• [Task description]: The data must be returned in full, with no character altered.

• [Dataset records]:
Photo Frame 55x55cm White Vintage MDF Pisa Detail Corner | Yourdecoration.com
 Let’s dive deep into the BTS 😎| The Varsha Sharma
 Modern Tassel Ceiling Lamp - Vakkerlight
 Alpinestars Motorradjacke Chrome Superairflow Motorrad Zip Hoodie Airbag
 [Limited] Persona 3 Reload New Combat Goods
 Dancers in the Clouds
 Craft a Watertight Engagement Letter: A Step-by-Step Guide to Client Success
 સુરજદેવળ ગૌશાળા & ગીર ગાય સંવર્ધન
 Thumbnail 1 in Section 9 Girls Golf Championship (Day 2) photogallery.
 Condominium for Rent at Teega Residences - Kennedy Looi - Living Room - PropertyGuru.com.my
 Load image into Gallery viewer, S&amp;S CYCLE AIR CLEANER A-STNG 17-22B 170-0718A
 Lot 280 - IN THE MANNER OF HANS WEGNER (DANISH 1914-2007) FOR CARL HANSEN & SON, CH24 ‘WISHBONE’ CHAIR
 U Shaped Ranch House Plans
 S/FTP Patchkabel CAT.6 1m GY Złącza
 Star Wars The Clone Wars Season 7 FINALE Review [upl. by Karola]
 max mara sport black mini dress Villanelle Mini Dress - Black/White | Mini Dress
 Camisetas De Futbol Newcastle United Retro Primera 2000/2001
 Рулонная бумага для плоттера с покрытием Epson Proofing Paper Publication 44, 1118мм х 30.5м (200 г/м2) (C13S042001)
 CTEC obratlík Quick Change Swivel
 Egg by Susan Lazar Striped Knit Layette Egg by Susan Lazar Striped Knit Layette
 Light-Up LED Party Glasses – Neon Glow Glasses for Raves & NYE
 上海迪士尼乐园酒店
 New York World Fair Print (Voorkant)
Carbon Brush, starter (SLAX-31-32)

• [The completed task]:
Photo Frame 55x55cm White Vintage MDF Pisa Detail Corner | Yourdecoration.com
 Let’s dive deep into the BTS 😎| The Varsha Sharma
 Modern Tassel Ceiling Lamp - Vakkerlight
 Alpinestars Motorradjacke Chrome Superairflow Motorrad Zip Hoodie Airbag
 [Limited] Persona 3 Reload New Combat Goods
 Dancers in the Clouds
 Craft a Watertight Engagement Letter: A Step-by-Step Guide to Client Success
 સુરજદેવળ ગૌશાળા & ગીર ગાય સંવર્ધન
 Thumbnail 1 in Section 9 Girls Golf Championship (Day 2) photogallery.
 Condominium for Rent at Teega Residences - Kennedy Looi - Living Room - PropertyGuru.com.my
 Load image into Gallery viewer, S&amp;S CYCLE AIR CLEANER A-STNG 17-22B 170-0718A
 Lot 280 - IN THE MANNER OF HANS WEGNER (DANISH 1914-2007) FOR CARL HANSEN & SON, CH24 ‘WISHBONE’ CHAIR
 U Shaped Ranch House Plans
 S/FTP Patchkabel CAT.6 1m GY Złącza
 Star Wars The Clone Wars Season 7 FINALE Review [upl. by Karola]
 max mara sport black mini dress Villanelle Mini Dress - Black/White | Mini Dress
 Camisetas De Futbol Newcastle United Retro Primera 2000/2001
 Рулонная бумага для плоттера с покрытием Epson Proofing Paper Publication 44, 1118мм х 30.5м (200 г/м2) (C13S042001)
 CTEC obratlík Quick Change Swivel
 Egg by Susan Lazar Striped Knit Layette Egg by Susan Lazar Striped Knit Layette
 Light-Up LED Party Glasses – Neon Glow Glasses for Raves & NYE
 上海迪士尼乐园酒店
 New York World Fair Print (Voorkant)
Carbon Brush, starter (SLAX-31-32)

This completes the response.